Challenges in estimating past plant diversity from fossil pollen data: statistical assessment, problems, and possible solutions

Fossil pollen data from sediment cores may be used as a measure for past plant diversity. According to the theory of probability, palynological richness is positively related to the pollen count. In a low pollen count, only common taxa are detected, whereas rare taxa are only detected by chance. The detection of all pollen taxa requires a very high pollen count, which is time‐consuming. In regular palynological investigations, the detected richness in pollen spectra varies with the pollen count. Rarefaction analysis estimates palynological richness in an exactly equal‐sum count for all samples, so that comparison between samples is meaningful. However, the over‐representation of some taxa suppresses the detection probability of rare taxa; low total pollen abundance in a sample enhances the detection probability of rare taxa and long‐distance transported pollen grains. These factors bias the observed palynological richness and distort comparisons.
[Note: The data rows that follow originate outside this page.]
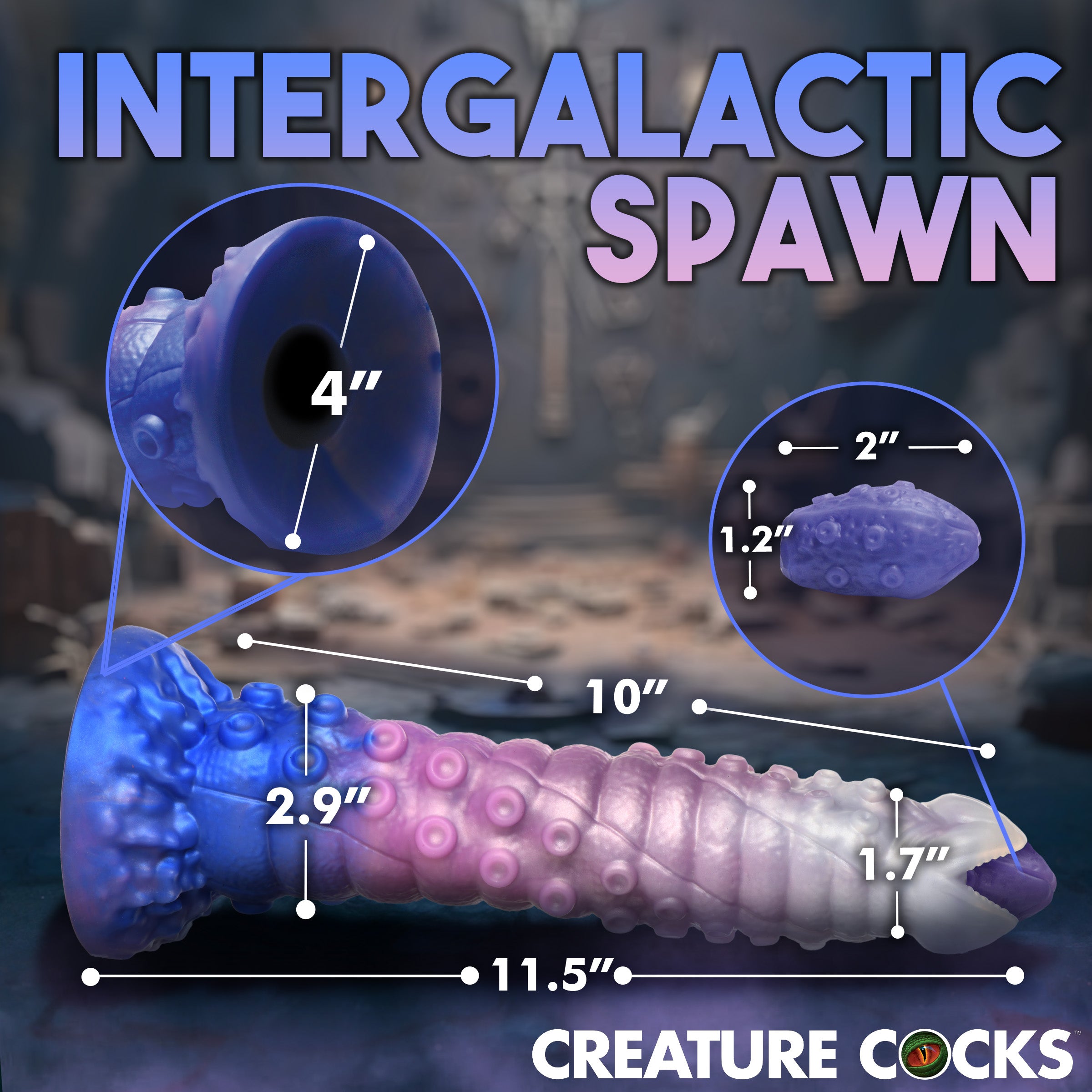 Creature Cocks Tenta-Queen Ovipositor Silicone Dildo with Eggs Multi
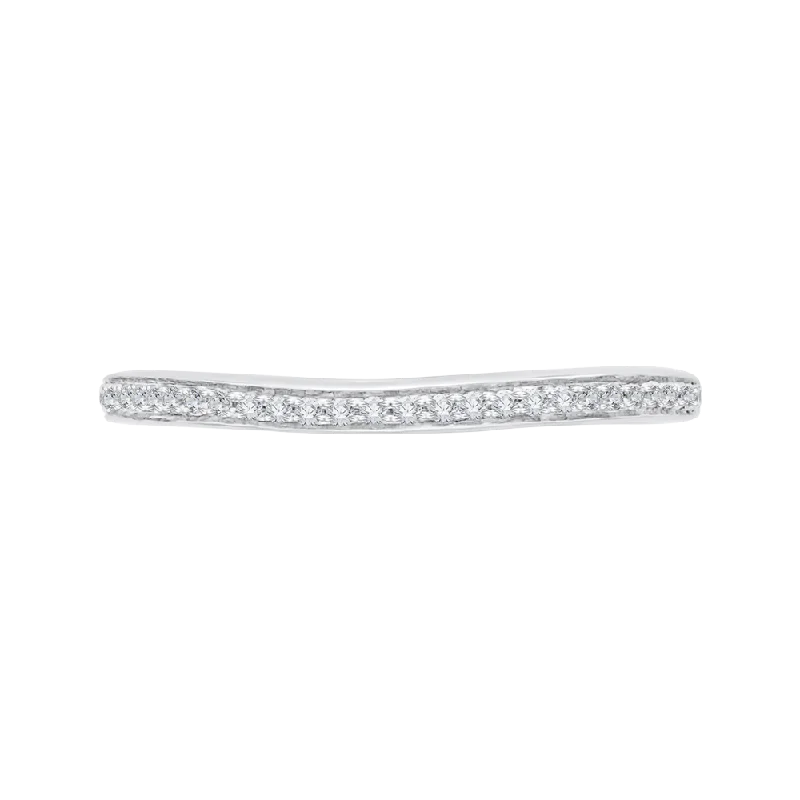 Necklaces and pendants with matching rings for a coordinated set of jewelry-14K White Gold Round Diamond Half Eternity Wedding Band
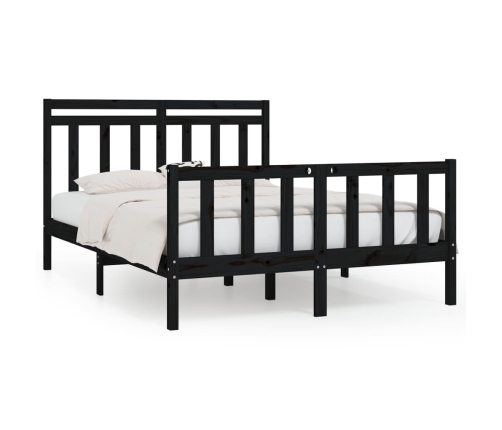 vidaXL Estructura de cama de madera maciza de pino negro 160x200 cm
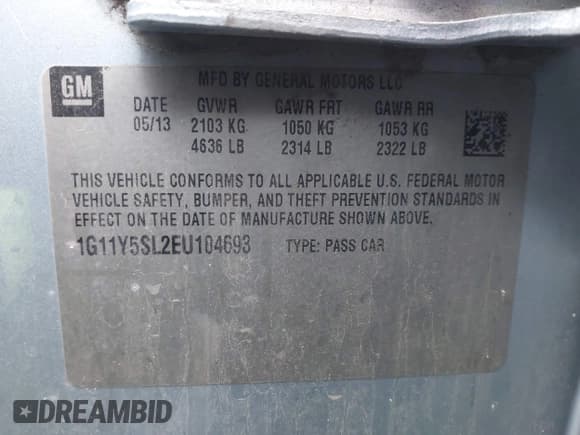 ✅ 2014 Chevrolet Impala LS • VIN: 1G11Y5SL2EU104693 • Lot: 43767999. Listed on IAAI with 120,126 mi. Free auction sales archive from the USA and detailed vehicle history report at DreamBid. Image 9.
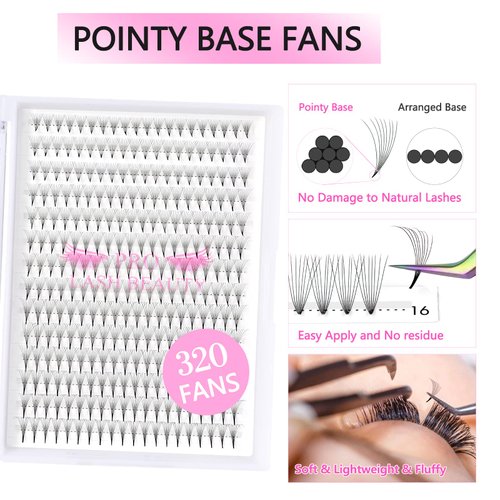 Premade Fans Eyelash Extensions 10D-C-0.07-12 Premade Volume Lash Extensions 320 Fans Pointed Base Fans 0.07 Premade Volume Fans C D Curl(10D-C-0.07,12 mm)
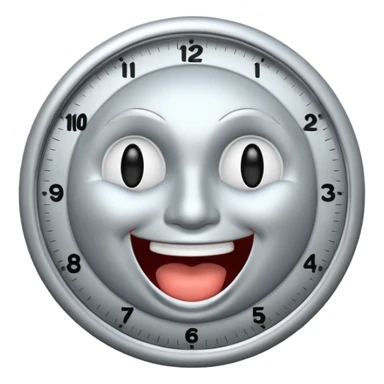 a clock with a face laughing extremely with it’s eyes closed sticker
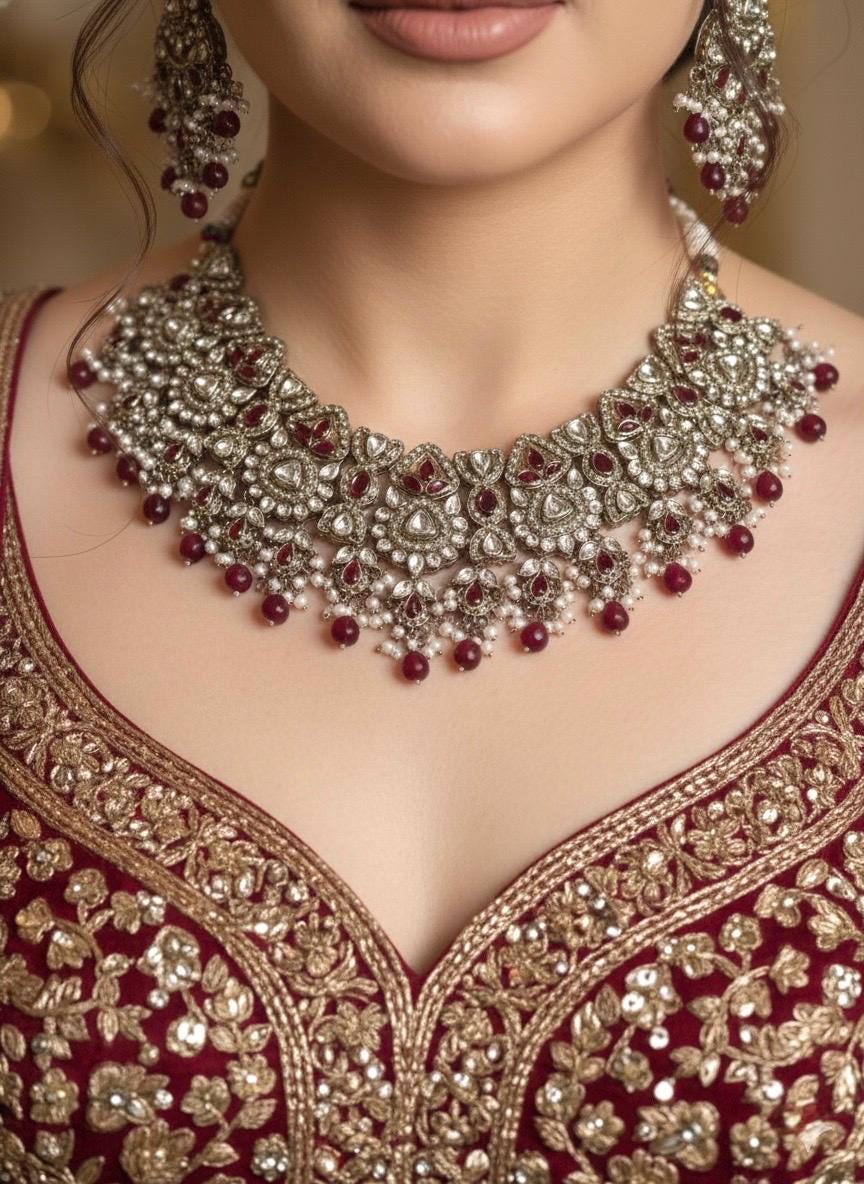 AMEYA Ruby Kundan Necklace Set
Palynological richness in a pollen count proportional to its pollen influx may be one proxy for reconstructing diversity trends through time. The use of this proxy overcomes most problems encountered in rarefaction analysis, but is constrained by inaccuracy in estimating pollen influx due to the imprecise time control of sediment cores. Estimating palynological richness by mathematical methods may be another way of reconstructing pollen diversity. Pollen data tend to reflect diversity on a regional scale. Sites from small basins have the advantage of recording diversity at both local and regional scales, if the detection of each taxon is independent. By associating one site from a large basin with a series of sites from very small basins (e.g. forest‐hollows), information about both regional and local diversity may be obtained. Entomophilous pollen taxa may have to be measured using a different strategy than anemophilous taxa.